There’s a passage of Scripture in which Paul tells the Ephesians: “I keep asking that the God of our Lord Jesus Christ, the glorious Father, may give you the Spirit of wisdom and revelation, so that you may know him better” (Ephesians 1:17).
That trip held several telling moments in which the Lord revealed His goodness to my family and me in the past. So, I stood there on that janky, uneven sidewalk outside our old house, tears streaming down my face in gratitude for all the blessings of before that I couldn’t even name till long after.
Like the shock of a sunny Ohio day in March, my trip back took me back to all the ways God’s grace showed up for us daily. Somewhere around the year 2040 — if I’m still drawing breath — I’ll probably say the same of 2023. Time softens the edges of the past, as it’s wont to do. But it also gives us a perspective we can’t always see when we’re neck-deep in the daily demands of our present life.
My trip to Ohio didn’t only reveal good things I couldn’t see at the time. It also revealed how God has turned many of the hard circumstances — the shadows of those years — into beloved strengths. My loneliness led me to learn how to befriend others and to keep persevering in the practice when I’m not successful. My immersion in little ones repeatedly led me to Christ and full-on dependence on Him.
During that time, too, my faith blossomed and burst forth in a way like never before.

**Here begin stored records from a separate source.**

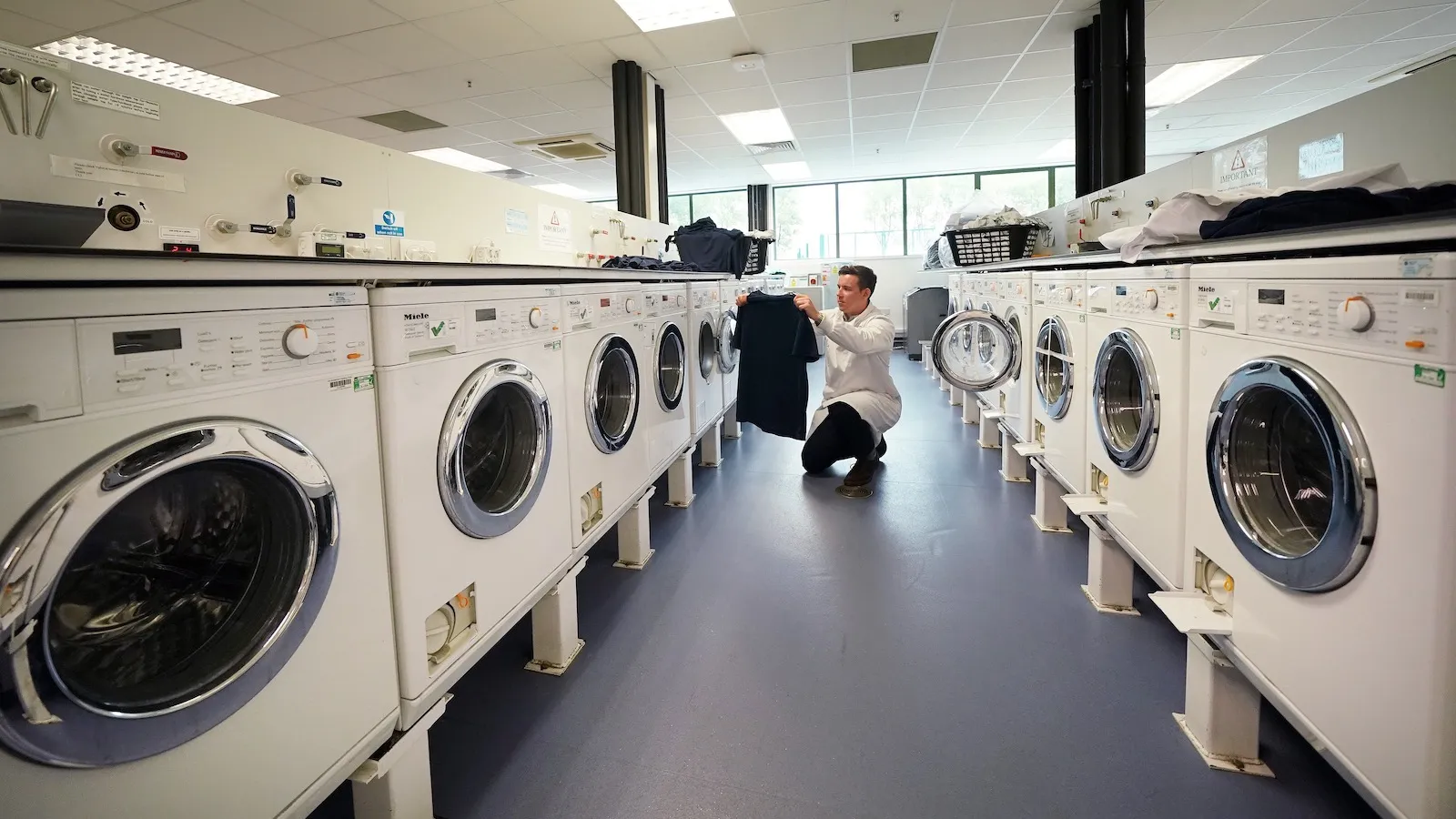 How do you tackle microplastics? Start with your washing machine. By Saqin Rajiv-Grist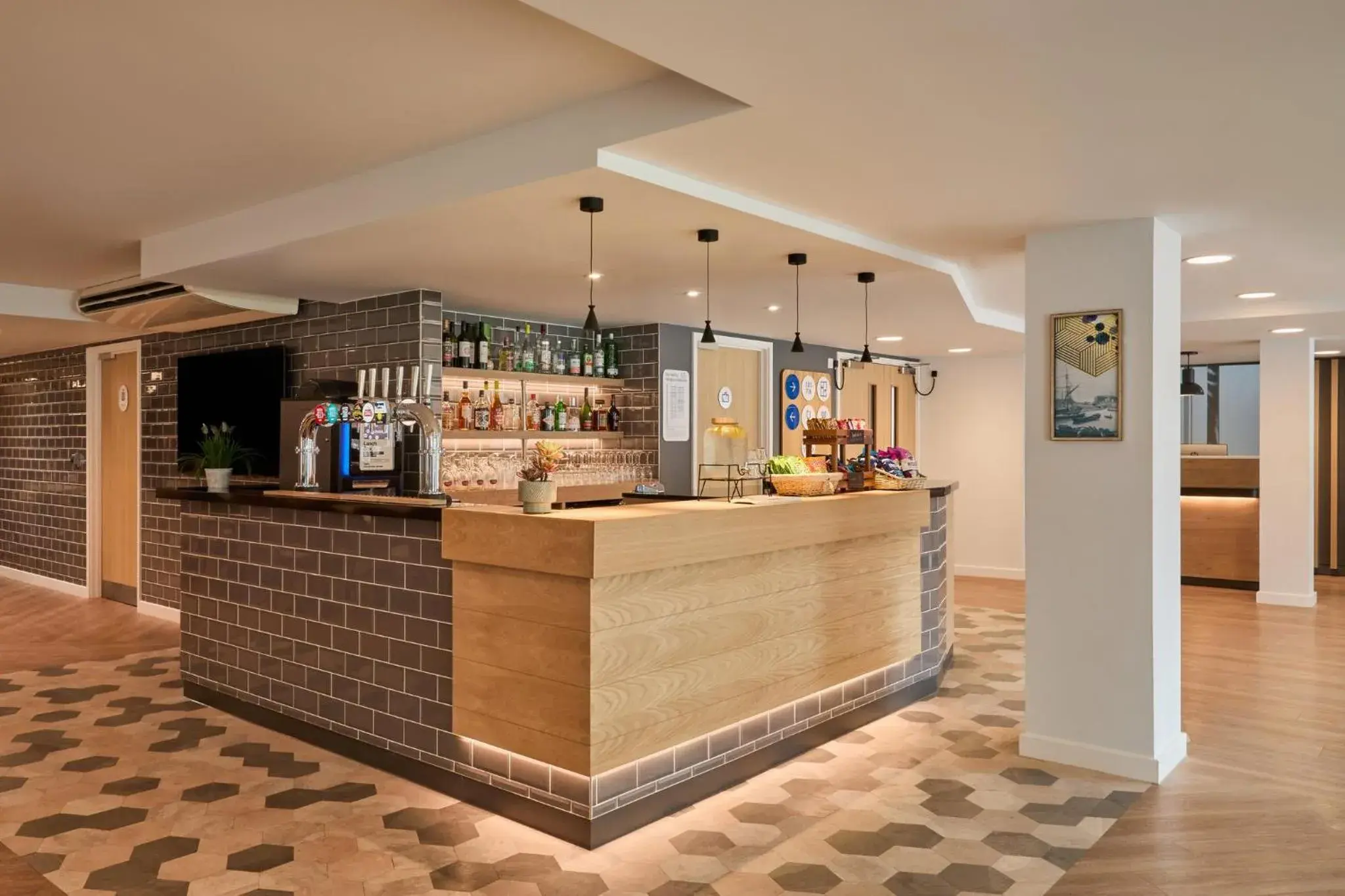 Lounge or bar in Holiday Inn Express London Limehouse by IHG Lounge or bar in Holiday Inn Express London Limehouse by IHG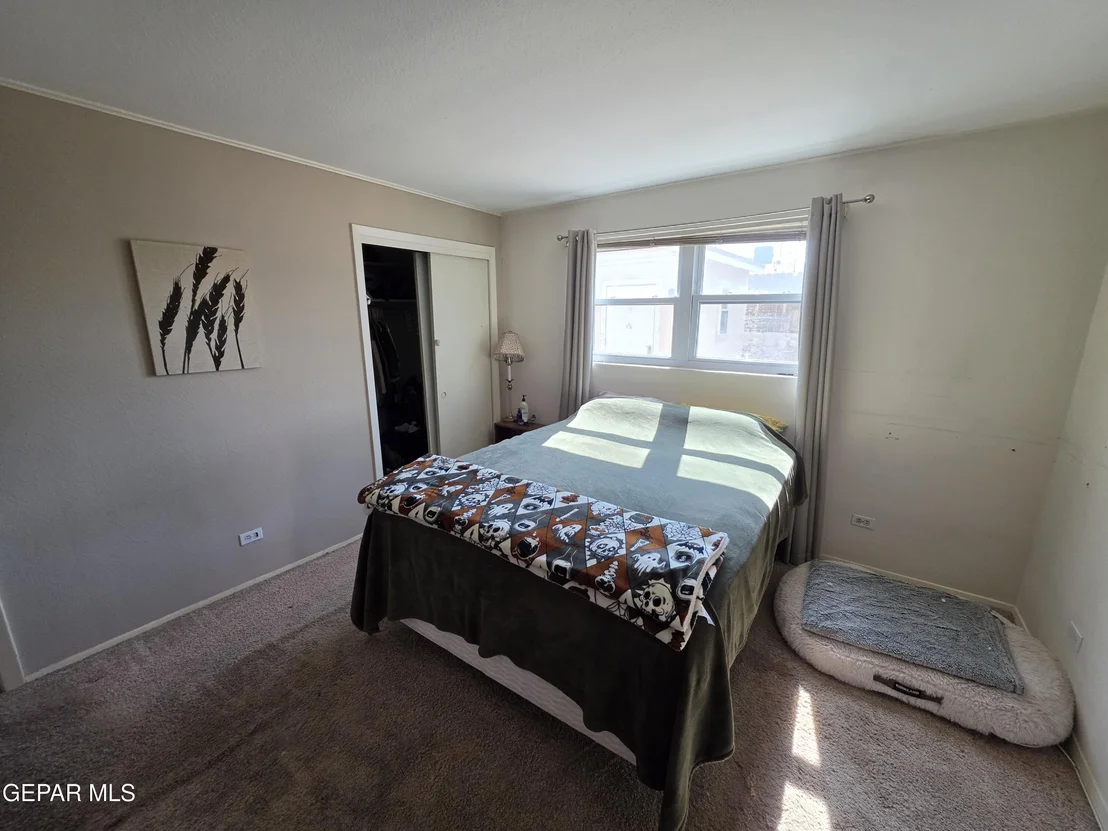 Photo of 1400 IDLEWILDE Drive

What I really want you to hear is this: If you’re in a season that is particularly difficult, I’m so sorry. If that season is heavy with hardship that makes it hard for you to name what’s good right now, I understand. While Scripture rightly tells us to be thankful in all things, it’s harder to see those good things when you’re snowed under, doing your best to get through. In the struggle, know that God wastes not one drop of your difficulty. After a time, hard seasons can break open into beauty, even if it takes you a while to see and name it.
God is renewing your strength and vision day by day, season by season. He is not idle but actively moving in your life so that you may know Him better. Part of that is showing you and me how the hardship that seemed so unnecessary before can grow into future blessings rising from the mystery.
In that, we see how a place and all we became there can live on in us long after we’ve left.
I’ll continue to look back at my memories and response like Jesus’s mother, Mary, treasuring things from those years and pondering them in my heart. But I’ll also be more diligent about being thankful for what I have so I can treasure that today, not only at some distant point down the road.
I’ll be thankful that God redeems all my hardships, using them to help me better know Him and His extravagant faithfulness.